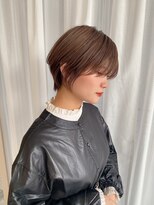 アール ヘアー デザイン(r hair design)&nbsp;完全個室 ベージュカラー 髪質改善 ブリーチなし トリートメント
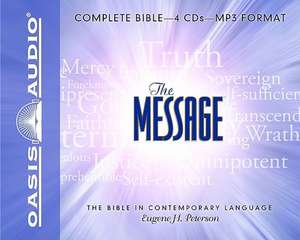 Message Bible-MS de Kelly Ryan Dolan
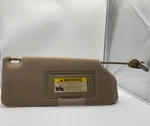 2006-2010 Honda Odyssey Passenger Sun Visor Sand Illuminated Oem C02B26004. Fixed Price $22.19.
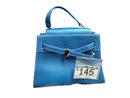 Veronica Baeard H2602hl123x239 Blue Purse / Handbag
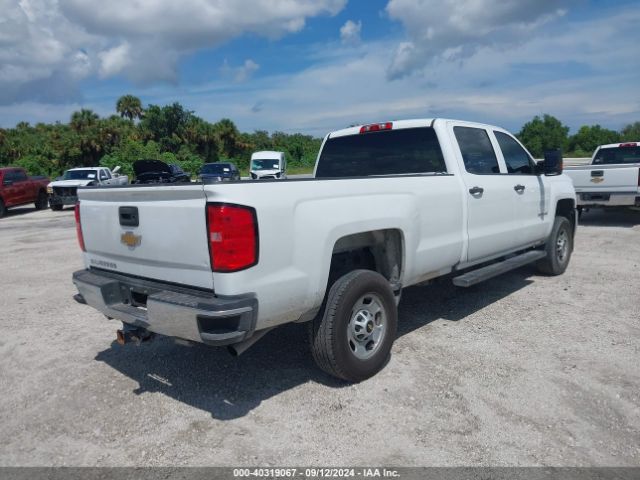 1GC1CREGXKF254269 Chevrolet Silverado 2500hd Wt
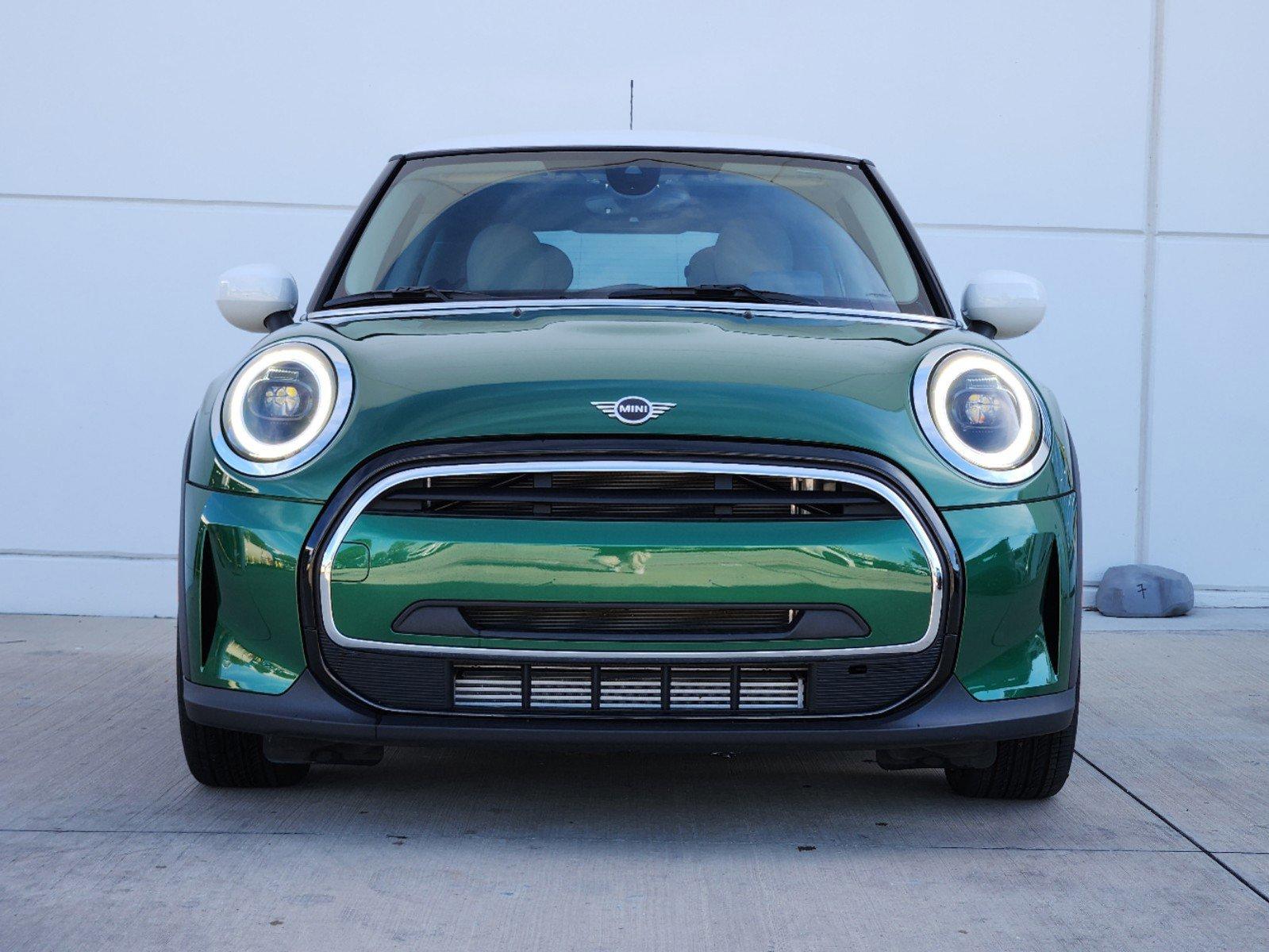 2024 MINI Cooper Hardtop 2 Door Vehicle Photo in PLANO, TX 75024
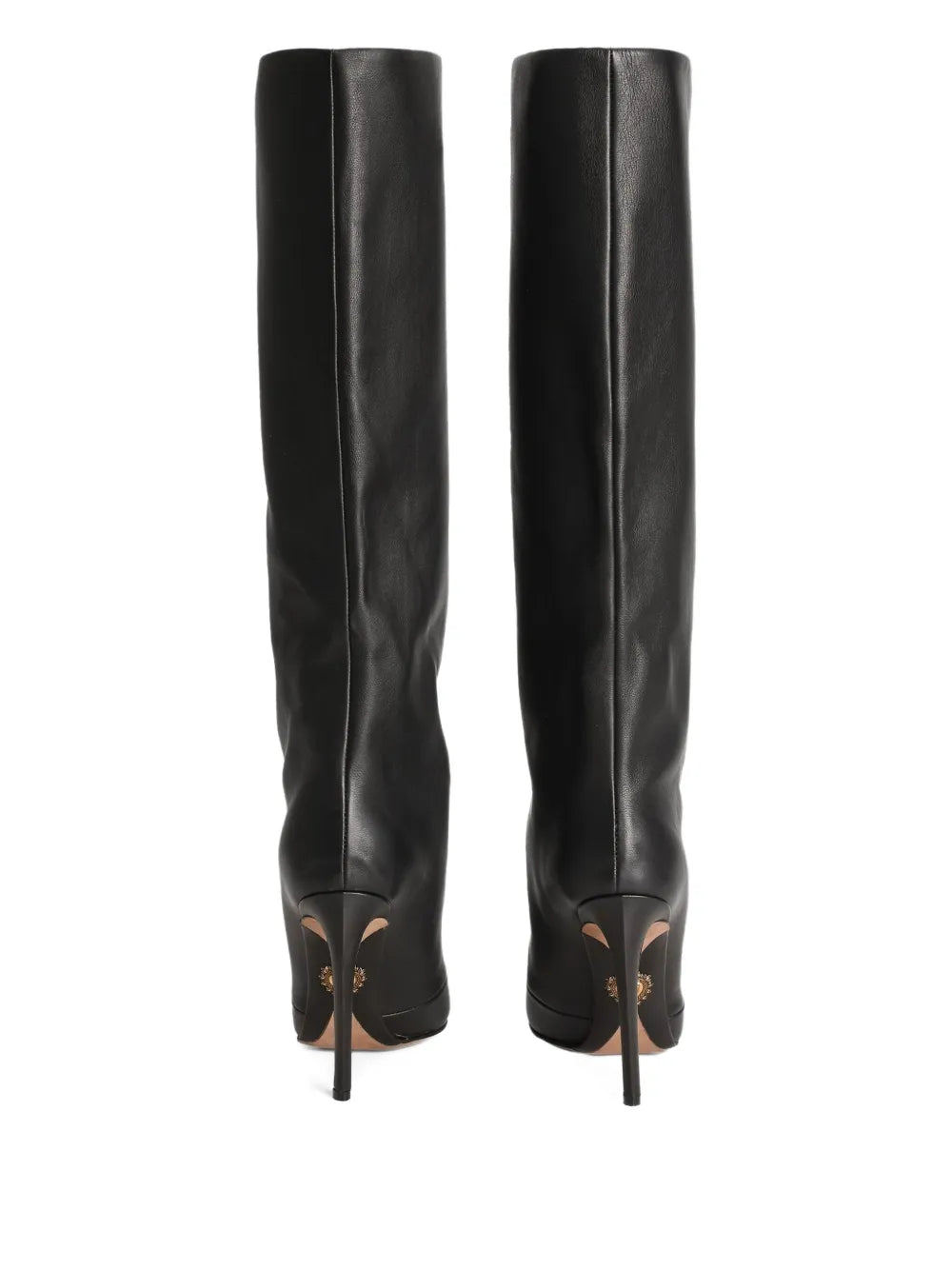 Dolce & Gabbana Women Devotion 105Mm Knee-High Boots DOLCE & GABBANA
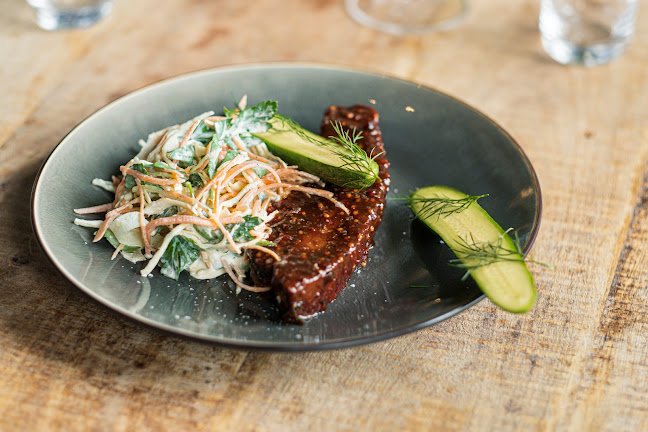 EKTE - Restaurant - Gastronomi og hotelvirksomhed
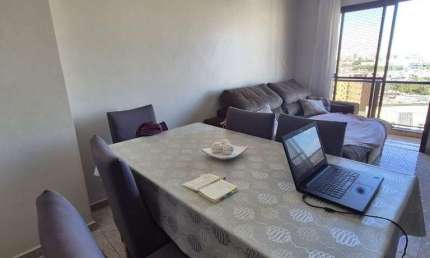 Apartamento à venda, 3 quartos, 1 suíte, 2 vagas, VILA BELA - São Paulo/SP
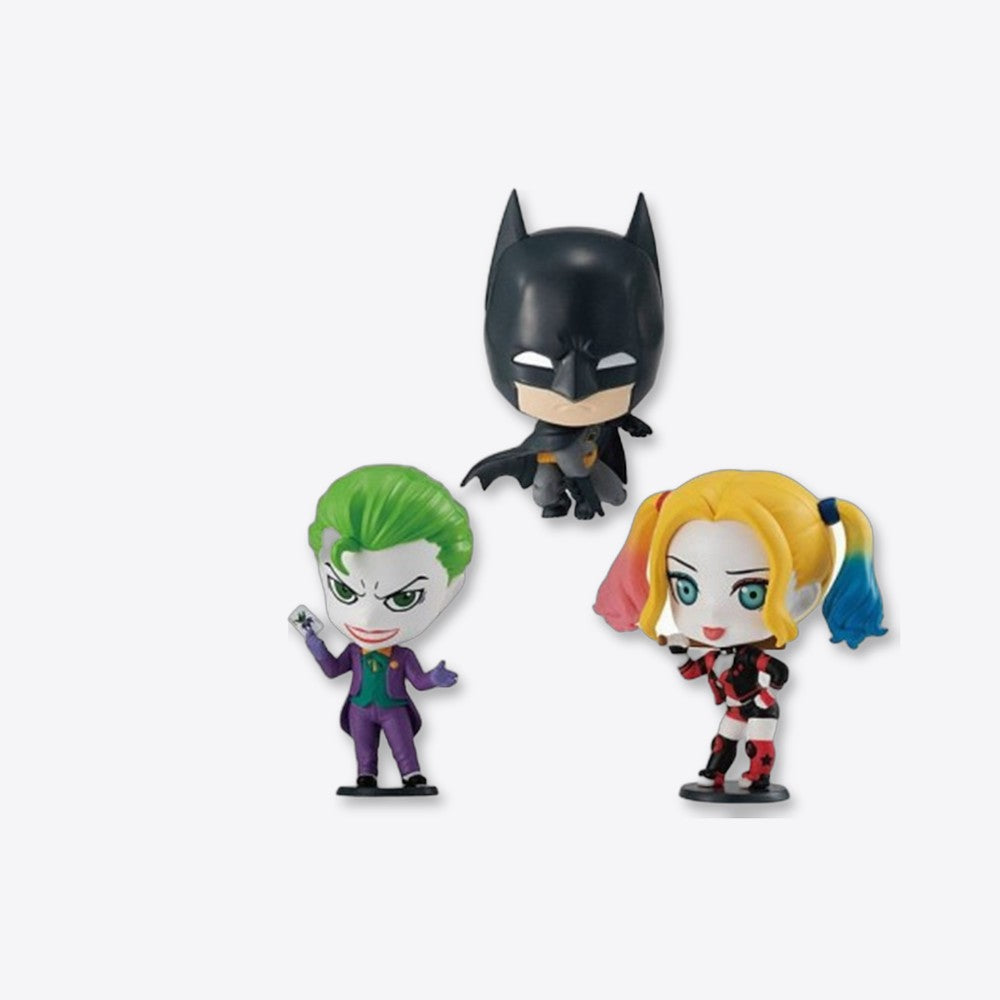 Set bolas gashapon bandai batman capchara 01 30 unidades (imagen 4 de 6)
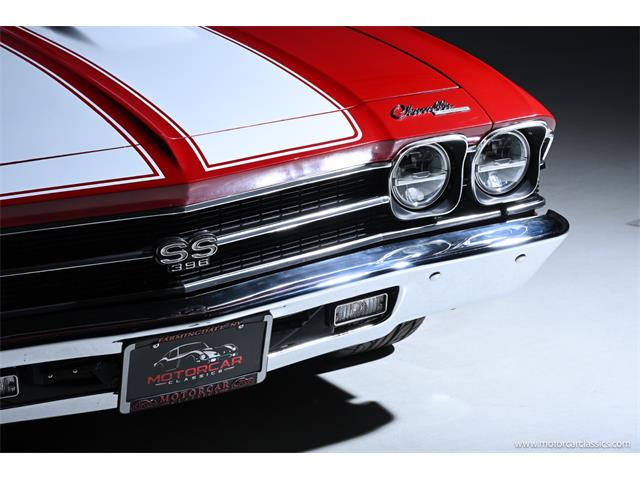 1969 Chevrolet Chevelle (CC-2103280) for sale in Farmingdale, New York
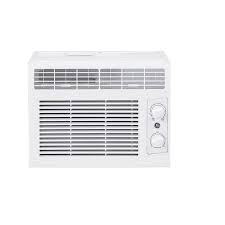 4.4 out of 5 stars. Ge 150 Sq Ft Window Air Conditioner 115 Volt 5000 Btu In The Window Air Conditioners Department At Lowes Com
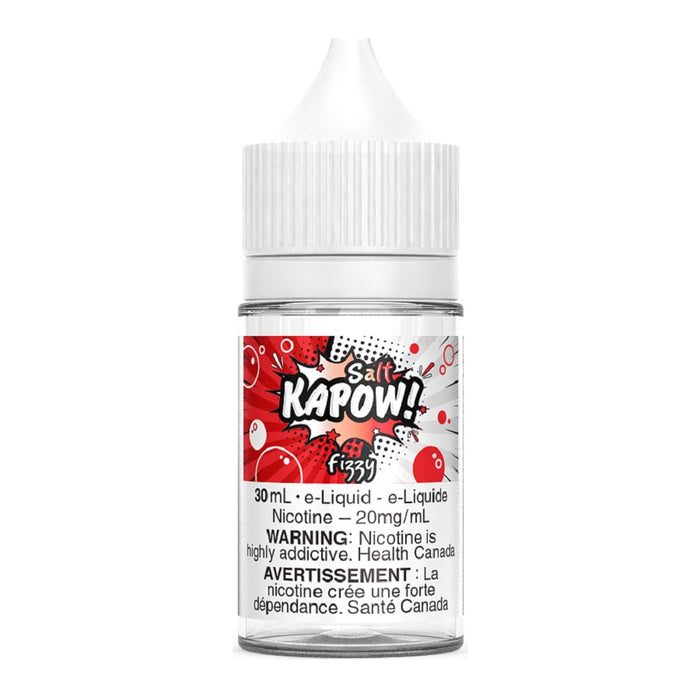 Kapow Salt E-liquid - Classic 30ml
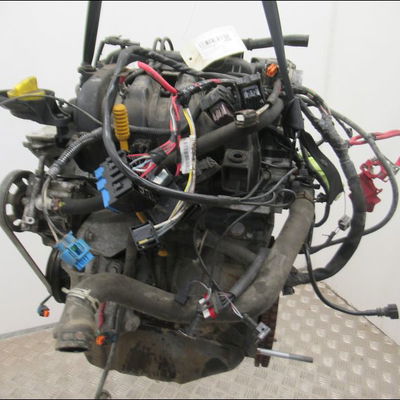 Moteur essence Dacia LOGAN II 1.2 (2012)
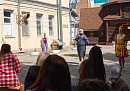 День защиты детей в детской больнице Калуги отметили концертом День защиты детей в детской больнице Калуги отметили концертом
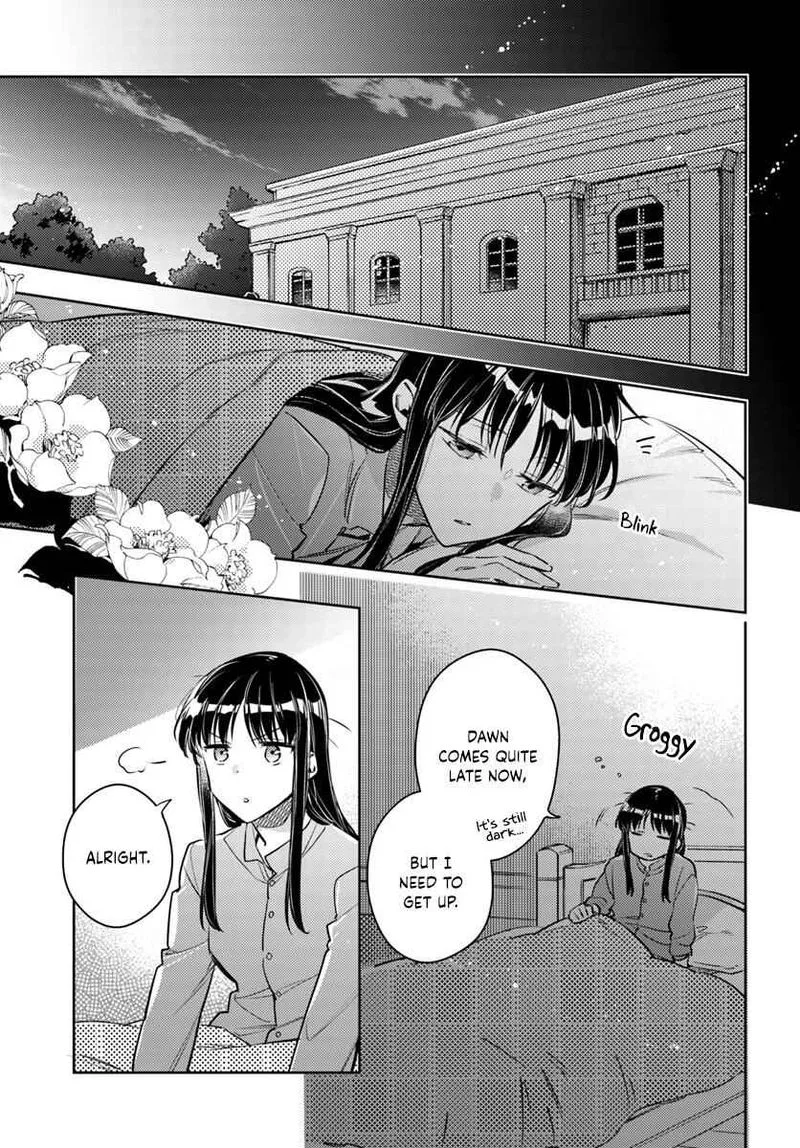Seijo No Maryoku Wa Bannou Desu Chapter 20 page 1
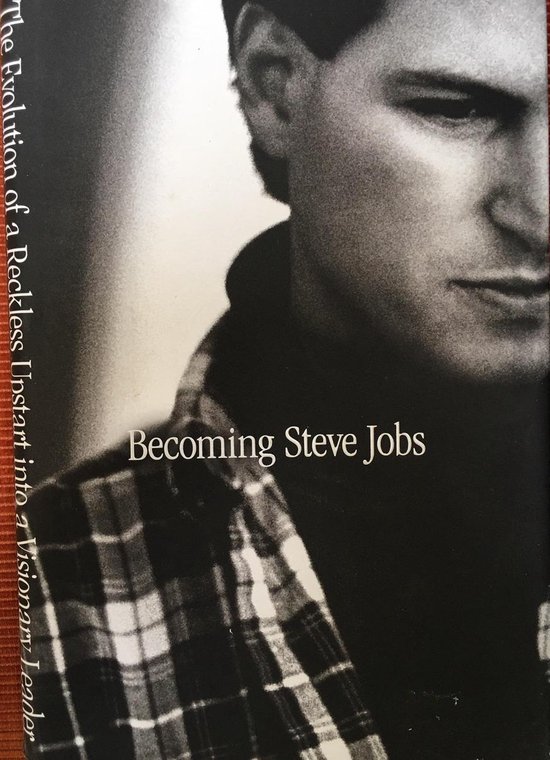 Becoming Steve Jobs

## TASK DETAILS
Restate every record above word for word, without images.

## SOLUTION TO THIS PROBLEM
 アール ヘアー デザイン(r hair design)&nbsp;完全個室 ベージュカラー 髪質改善 ブリーチなし トリートメント
 Message Bible-MS de Kelly Ryan Dolan
 2006-2010 Honda Odyssey Passenger Sun Visor Sand Illuminated Oem C02B26004. Fixed Price $22.19.
 Veronica Baeard H2602hl123x239 Blue Purse / Handbag
 1GC1CREGXKF254269 Chevrolet Silverado 2500hd Wt
 2024 MINI Cooper Hardtop 2 Door Vehicle Photo in PLANO, TX 75024
 Dolce & Gabbana Women Devotion 105Mm Knee-High Boots DOLCE & GABBANA
 EKTE - Restaurant - Gastronomi og hotelvirksomhed
 Apartamento à venda, 3 quartos, 1 suíte, 2 vagas, VILA BELA - São Paulo/SP
 Set bolas gashapon bandai batman capchara 01 30 unidades (imagen 4 de 6)
 1969 Chevrolet Chevelle (CC-2103280) for sale in Farmingdale, New York
 4.4 out of 5 stars. Ge 150 Sq Ft Window Air Conditioner 115 Volt 5000 Btu In The Window Air Conditioners Department At Lowes Com
 Kapow Salt E-liquid - Classic 30ml
 Moteur essence Dacia LOGAN II 1.2 (2012)
 День защиты детей в детской больнице Калуги отметили концертом День защиты детей в детской больнице Калуги отметили концертом
Seijo No Maryoku Wa Bannou Desu Chapter 20 page 1
 Becoming Steve Jobs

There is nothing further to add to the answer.